An Employer’s Guide to the Legalization of Marijuana

September 11, 2018

Katrina S. Yaworsky

The Cannabis Act

The Cannabis Act (the “Act”) will come into force on October 17, 2018.  The Act will allow adults who are 18 or 19 years of age and older (depending on the province or territory) to legally possess, grow and purchase limited amounts of cannabis, or marijuana, for personal use.  The Act amends the Criminal Code, the Controlled Drugs and Substance Act and several other statutes. With these amendments, possessing small amounts of marijuana on your person will no longer be a criminal offence.

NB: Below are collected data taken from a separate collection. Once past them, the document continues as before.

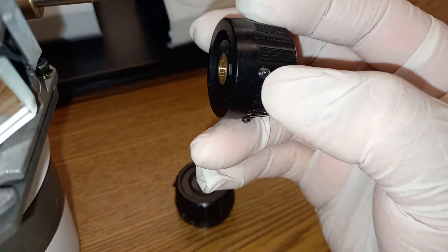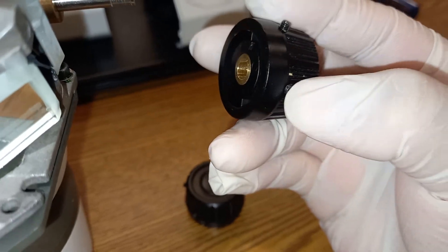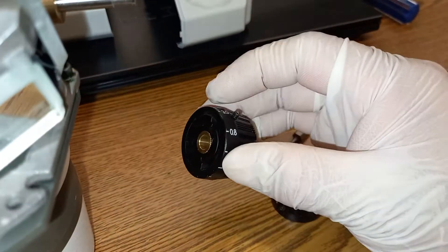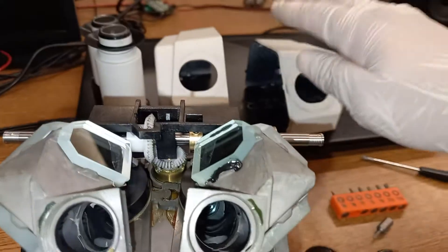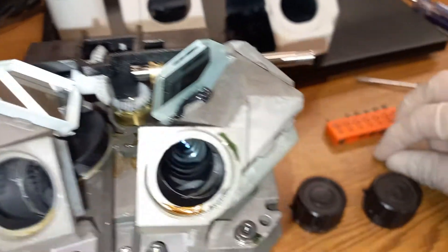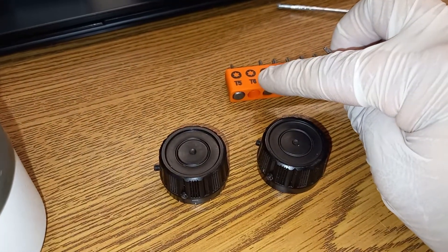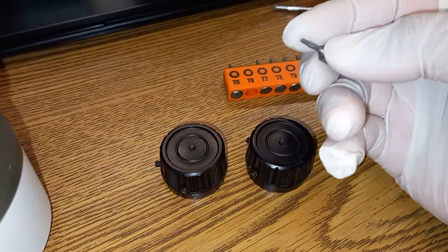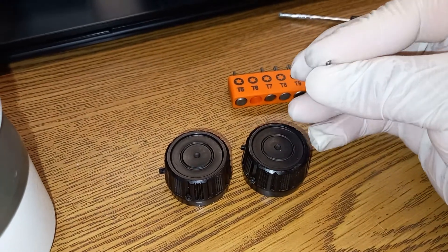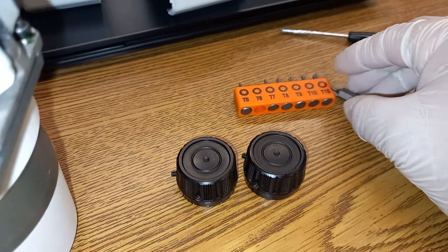You have here, for example, this knob. There are some tiny hex screws right here, and there are two of them on each knob which need to be taken apart before you can remove the housing of this microscope. In this case, I used a size T6, six-sided star bit. You can use this — it works really well.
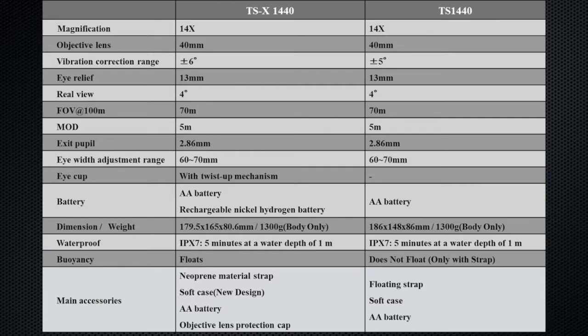...for high-end movie making and broadcast uses also happen to make binoculars. This box contains the new TSX 1440 binoculars, which are an improvement over the original TS 1440 binoculars that were commissioned about 20 years ago for military uses and have also been used in many industrial and consumer applications.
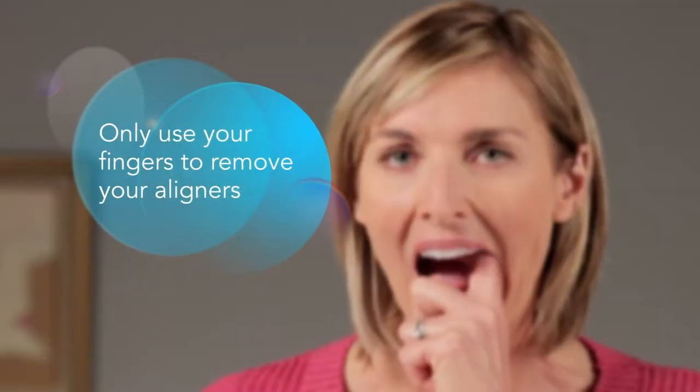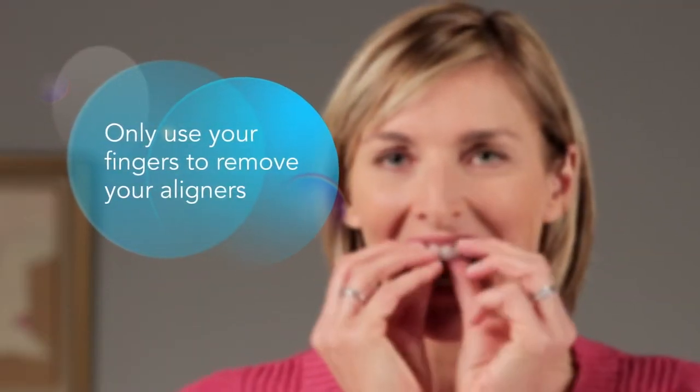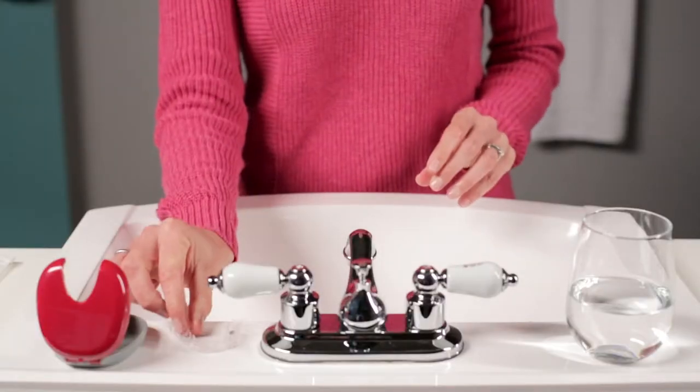Aligner removal is simple. Use your fingertip on the inside of your back molar to slowly pull the aligner from your teeth. Repeat on the other side, then remove the aligner.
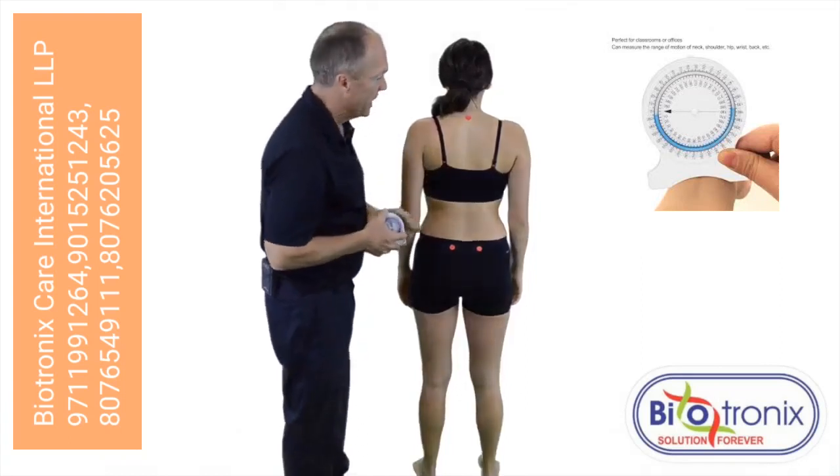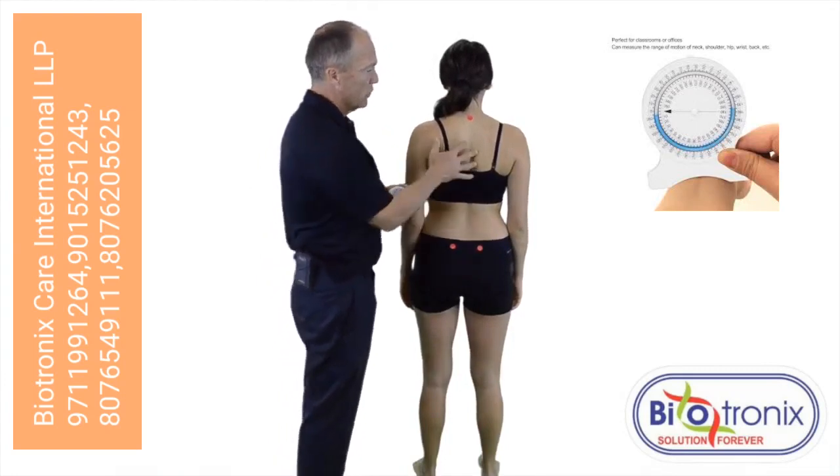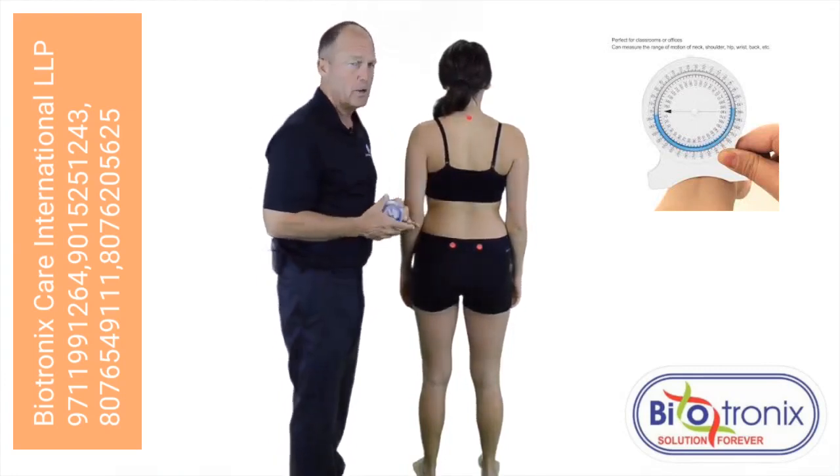In this position, with the patient standing in a more balanced stance position, we're now going to measure for thoracolumbar flexion using an inclinometer device.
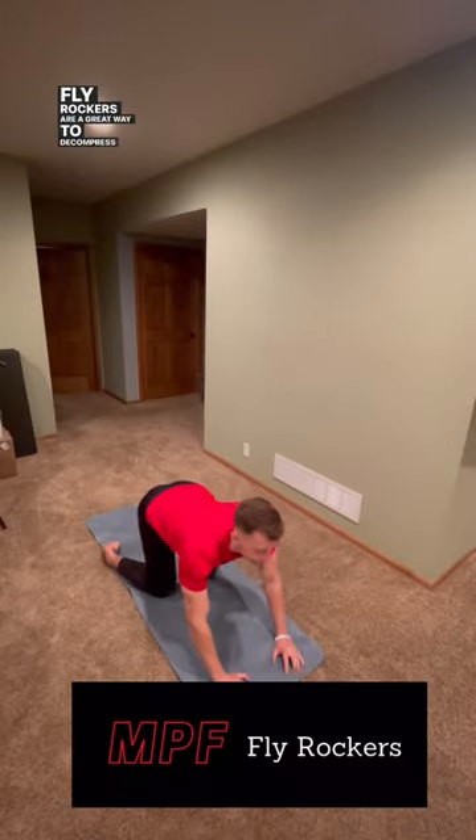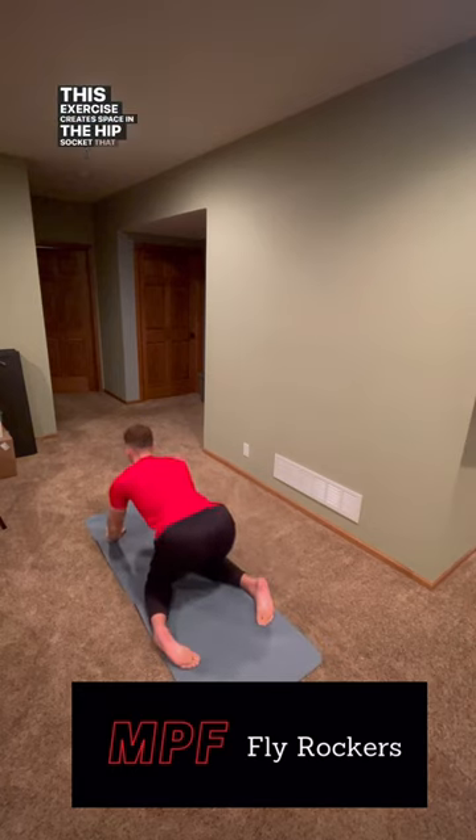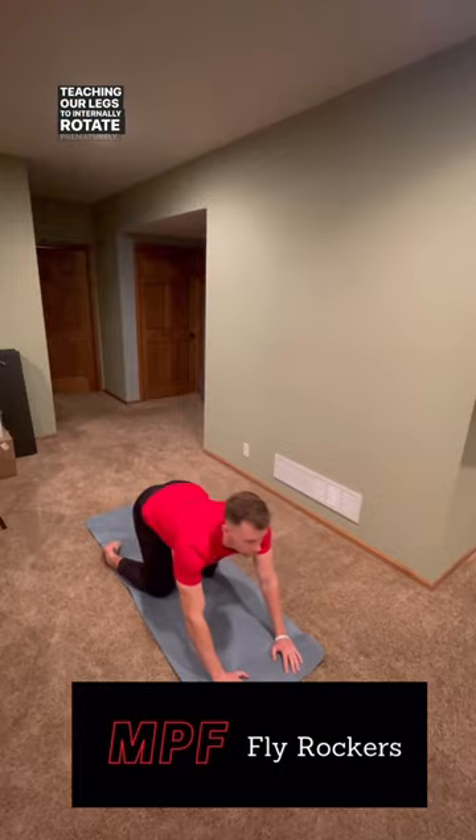Fly rockers are a great way to deep compress the hips. This exercise creates space in the hip socket, so that our legs can internally rotate as we leave the ground. Having the knees close and the feet wide keeps us from teaching our legs to internally rotate prematurely.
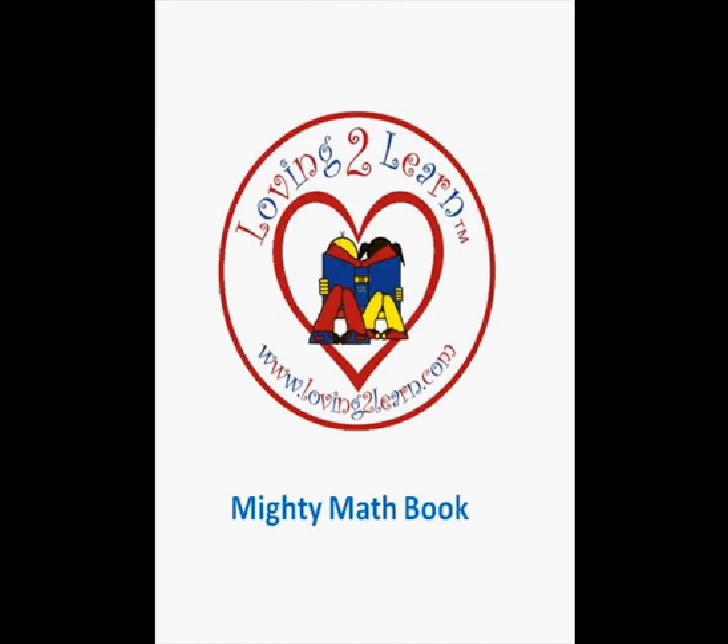This is a mighty math book. If you want to run this book off, go to www.lovingtolearn.com.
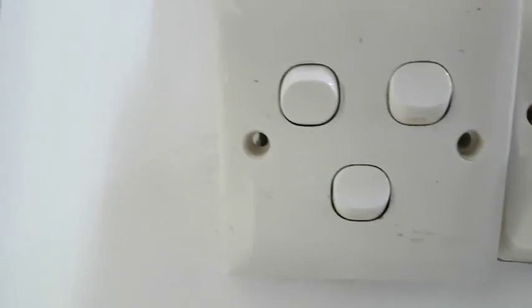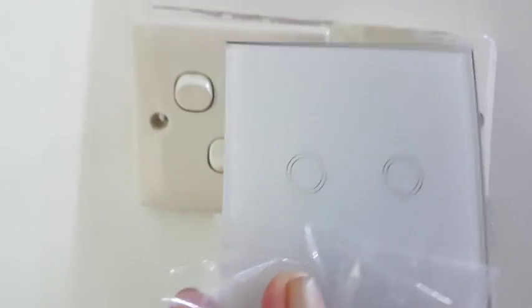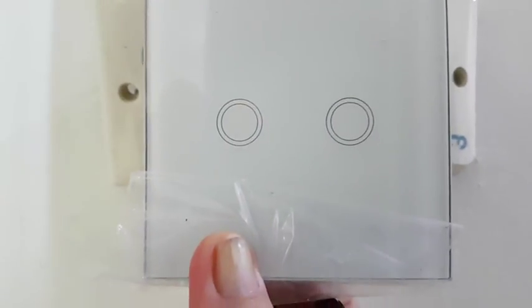I'm going to change this switch into this switch. This switch will have a remote control function.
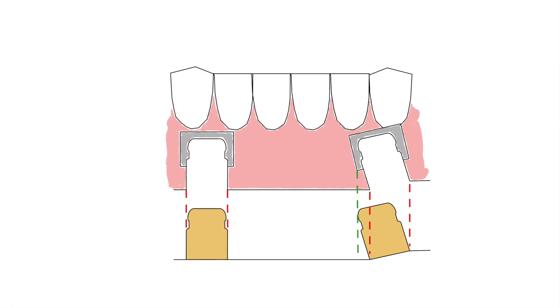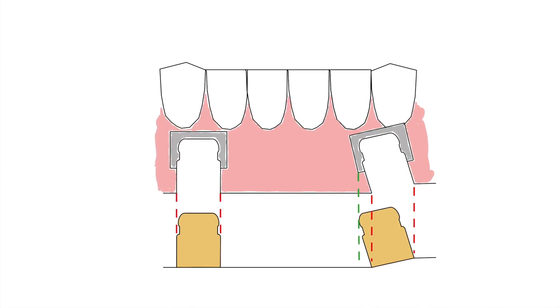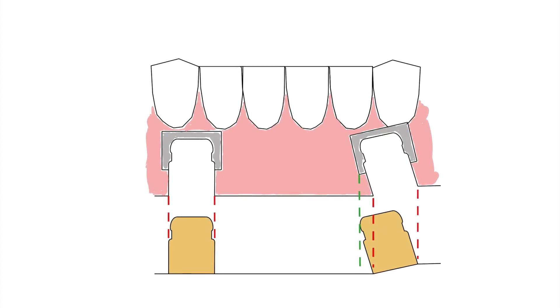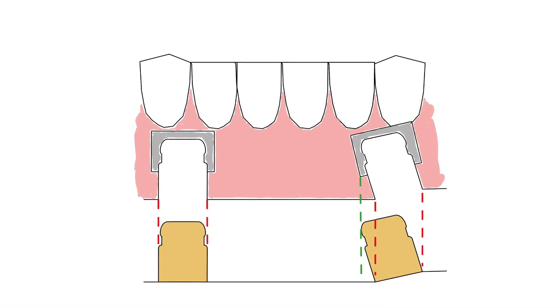This diagram shows the denture's path of insertion as red dotted lines, and you can see in the area of the green dotted line on the right-hand abutment where acrylic needs to be removed in order to let the attachment fully seat. This video describes a technique for identifying and eliminating denture base interferences for implant overdentures.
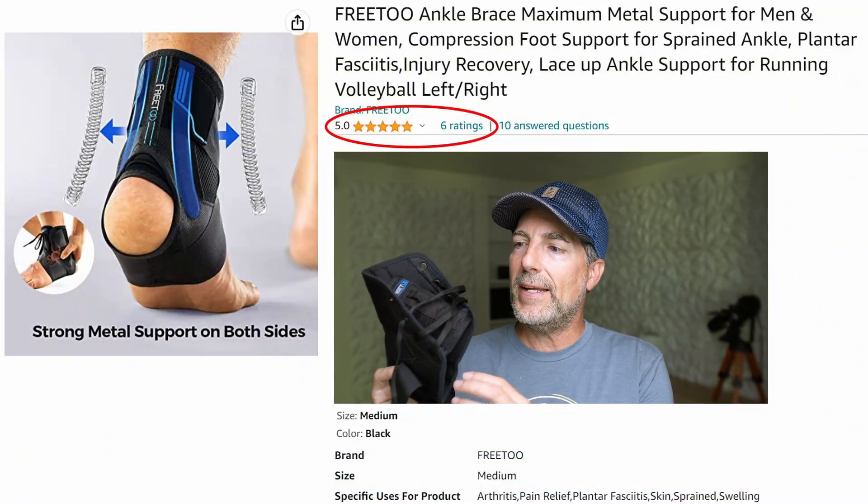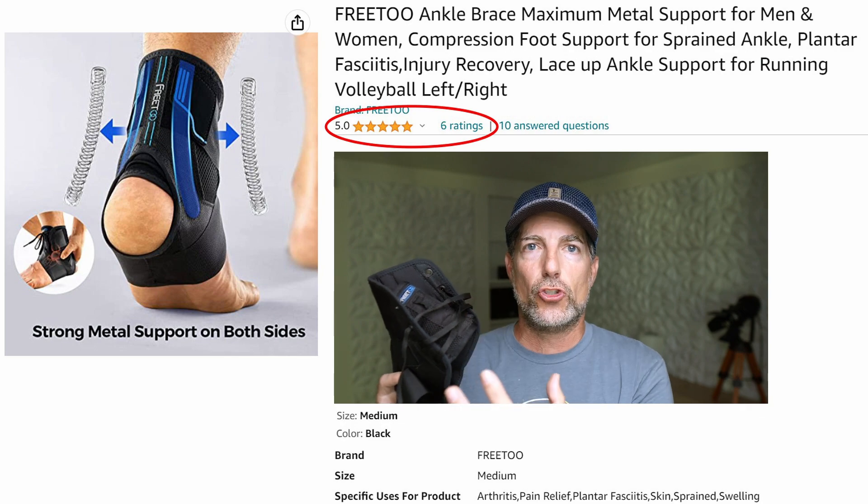Quick review of the Free 2 Ankle Brace. This is a lace and strap compression ankle brace designed for left and right feet. It does come with a user's manual that will help guide you through how to wrap it or put it on your ankle.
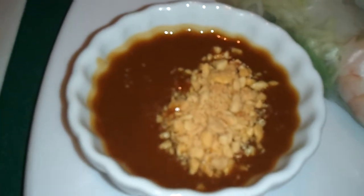The summer roll, as you can see, has shrimp, pork, and it's served with this homemade peanut sauce. You can see the peanuts on top there, sprinkled.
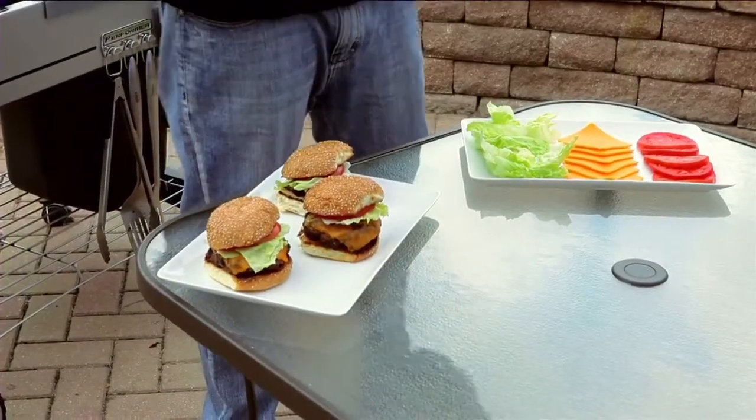We've got our cheese melted and our burgers off the grill, and that takes us to step number ten: resting. Anytime we grill anything, we need our food to rest for at least 30 to 40 percent of the total cook time. This helps it relax and allows the juices to run back into it.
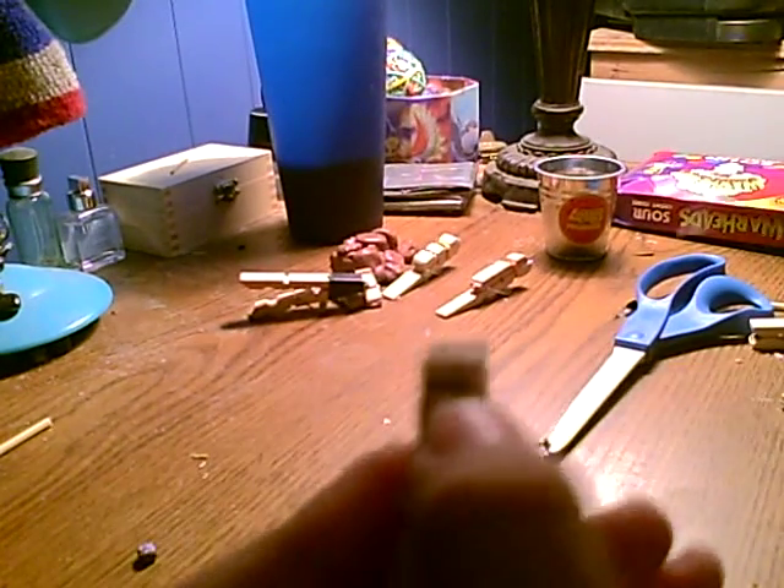And then it should look like that. After that, you'll want to get the spring. Oh, before you do that, you want to get the clothespin and make a little notch right up here. With a small hacksaw, knife, or pocket knife saw thing. You'll want to cut a little notch in it.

While the Act enables the federal government to regulate commercial production, provinces and territories will have authority to regulate certain aspects of the marijuana industry, such as distribution and retail, as they do for tobacco and liquor. The province of BC will determine how and where marijuana can be sold and where it may be consumed.  BC has determined that the Liquor Distribution Branch will be the wholesale distributor of recreational marijuana, which will operate marijuana retail stores provincially.

What are my Rights as an Employer?

Despite the legalization of recreational marijuana, the use of marijuana in the workplace should not change.  Employers will continue to have the right to require employees to report to work sober and without any form of impairment.  A zero-tolerance policy is enforceable.

Under BC’s statutes, employers maintain the right to safe and productive employees who are not impaired by alcohol, drugs or other substances.  The Workers Compensation Act and the Occupational Health and Safety Regulation stipulate certain rights that employers may rely on to regulate the workplace:

Section 116(2)(d) of the Workers Compensation Act:

A worker is required to “ensure that the worker’s ability to work without risk to his or her health or safety, or to the health or safety of any other person, is not impaired by alcohol, drugs or other causes.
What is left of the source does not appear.